Arrow keys to control. Auto-restarts on death. Close window to quit. Useful for sanity-checking the environment feels correct.


State Representations

Design Philosophy

The three representations form a spectrum from minimal hand-crafted features (where even tabular methods can work) to rich high-dimensional features (where function approximation is essential). This allows studying when and why approximation helps.

All representations are implemented as classes in snake_rl/representations/features.py with a common interface:

rep = CompactRepresentation()
state_features = rep.get_state_features(obs)         # shape: (state_dim,)
sa_features = rep.get_features(obs, action)           # shape: (feature_dim,)

The get_features(obs, action) method constructs state-action features using one-hot action stacking: the state feature vector is placed in the block corresponding to the given action, with zeros elsewhere.
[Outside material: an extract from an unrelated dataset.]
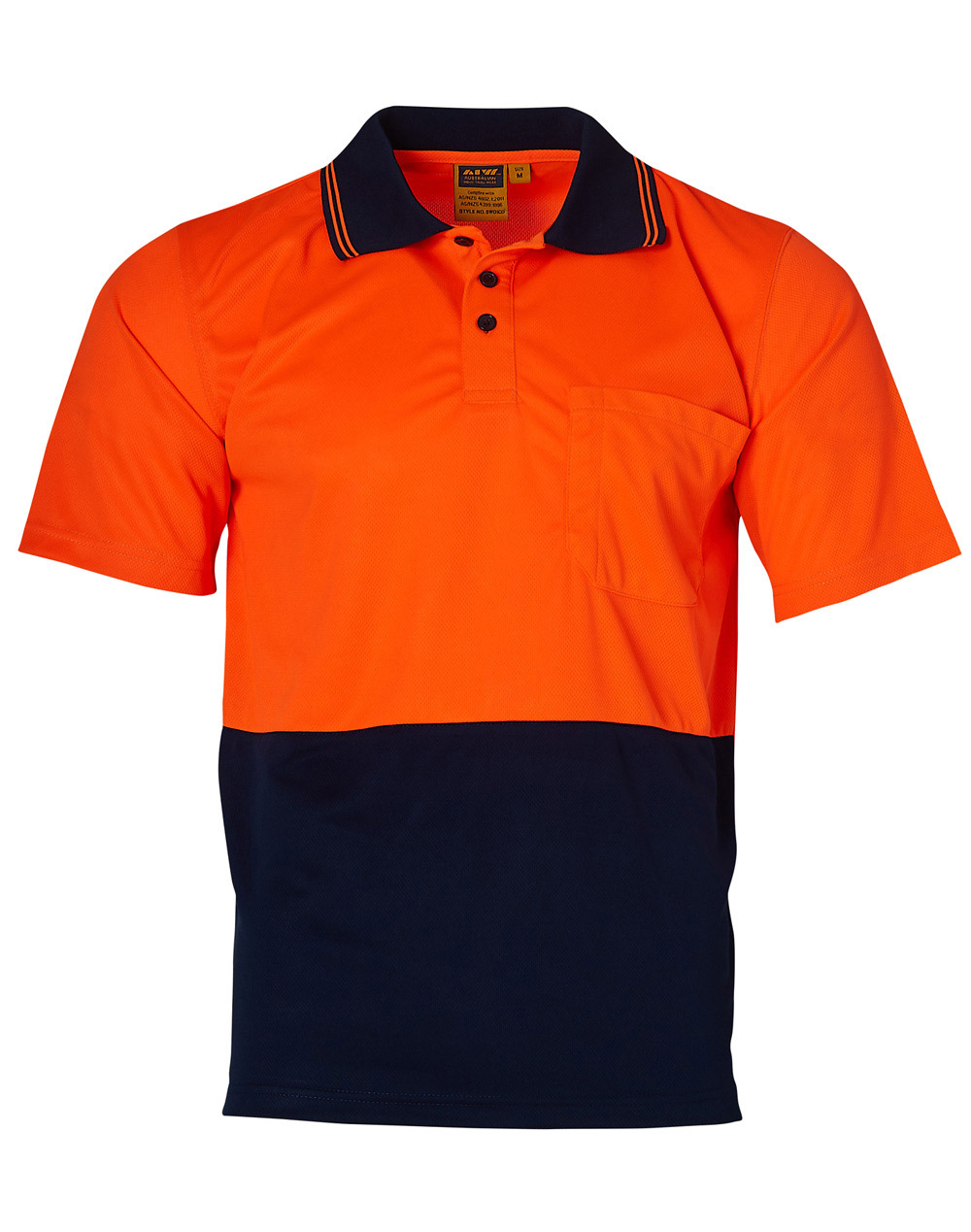 High Visibility CoolDry Short Sleeve Polo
This gives each action its own weight vector in a linear model.

Representation 1: Compact Features (11 dimensions)

rep = CompactRepresentation()    # state_dim=11, feature_dim=33

A small set of binary features encoding the most essential information:

Features Count Description
Danger signals 3 Binary: danger straight, left, right (wall or body one step away)
Direction 4 One-hot: current heading (up, down, left, right)
Food direction 4 Binary: food is above, below, left of, right of head

This matches the standard 11-feature design used in most Snake RL tutorials (Loeber 2020, Zhou 2023). It's highly compressed — the agent knows what's immediately dangerous and where food is, but nothing about the snake's body layout or spatial structure.

Representation 2: Local Neighborhood (109 dimensions)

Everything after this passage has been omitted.